__Task statement__. Check every line of the data below for the string "الخارجيه", and copy the ones that hold it.

__Record excerpts__.
[Start of section]
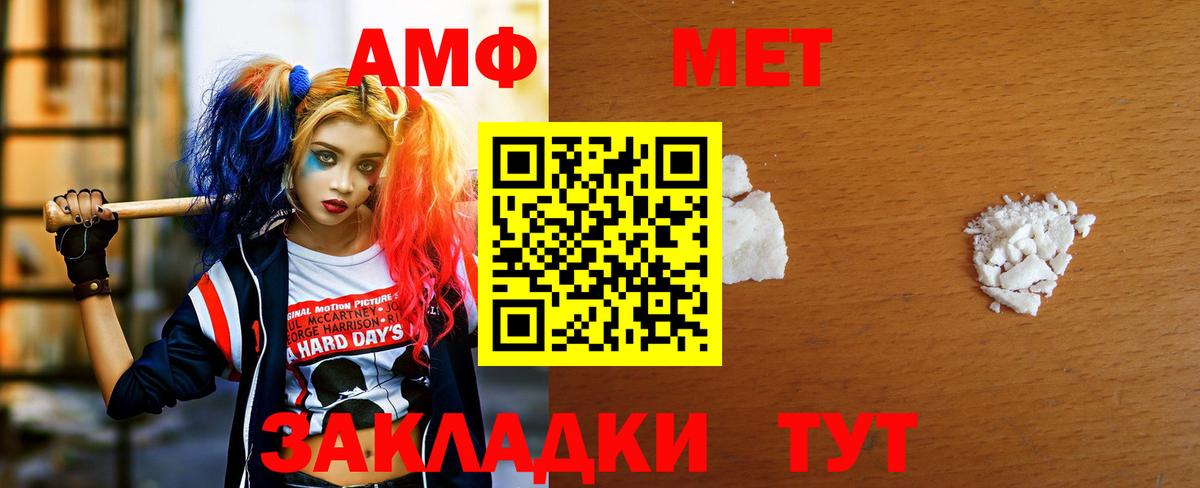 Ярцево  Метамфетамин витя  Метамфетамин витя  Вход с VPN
[End of section]
[Start of section]
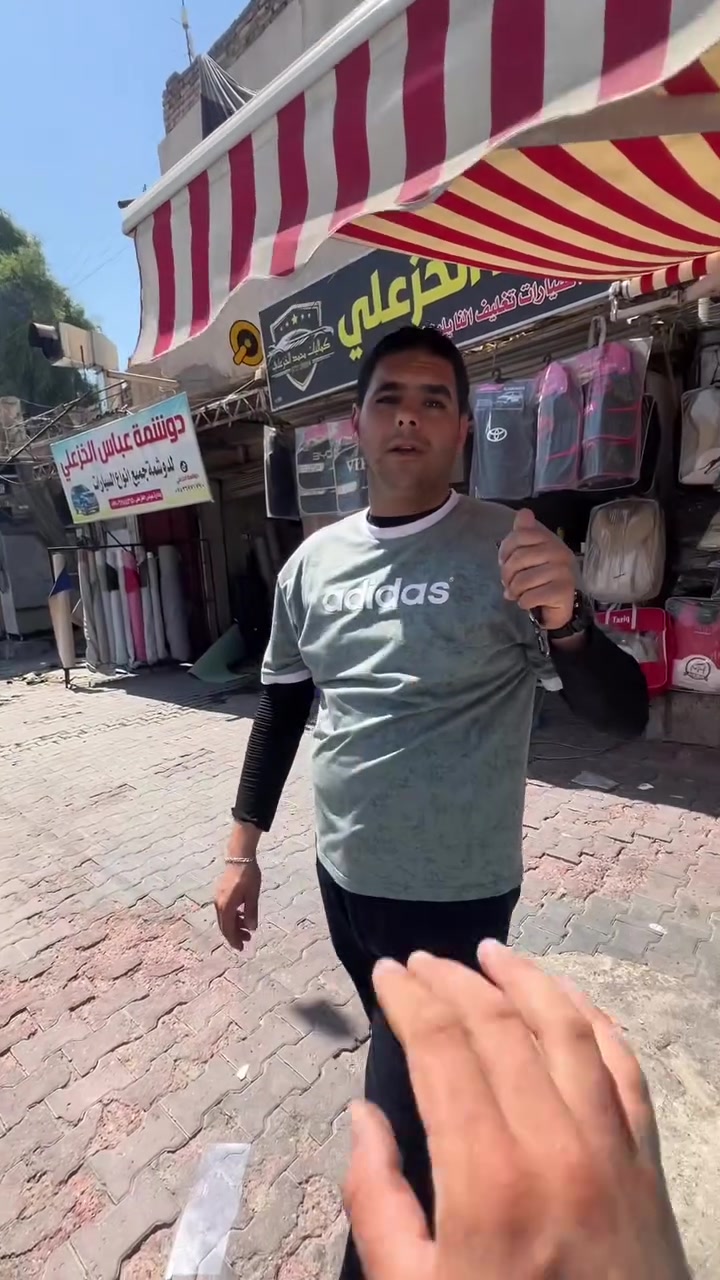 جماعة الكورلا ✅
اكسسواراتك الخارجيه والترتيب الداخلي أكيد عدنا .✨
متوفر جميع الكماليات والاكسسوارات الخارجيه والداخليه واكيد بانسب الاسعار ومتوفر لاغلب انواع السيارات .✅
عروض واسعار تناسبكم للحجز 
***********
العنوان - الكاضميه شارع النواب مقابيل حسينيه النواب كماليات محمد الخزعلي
[End of section]
[Start of section]
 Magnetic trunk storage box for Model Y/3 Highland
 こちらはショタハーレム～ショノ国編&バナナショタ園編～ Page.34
[End of section]
__Your response__.
اكسسواراتك الخارجيه والترتيب الداخلي أكيد عدنا .✨
متوفر جميع الكماليات والاكسسوارات الخارجيه والداخليه واكيد بانسب الاسعار ومتوفر لاغلب انواع السيارات .✅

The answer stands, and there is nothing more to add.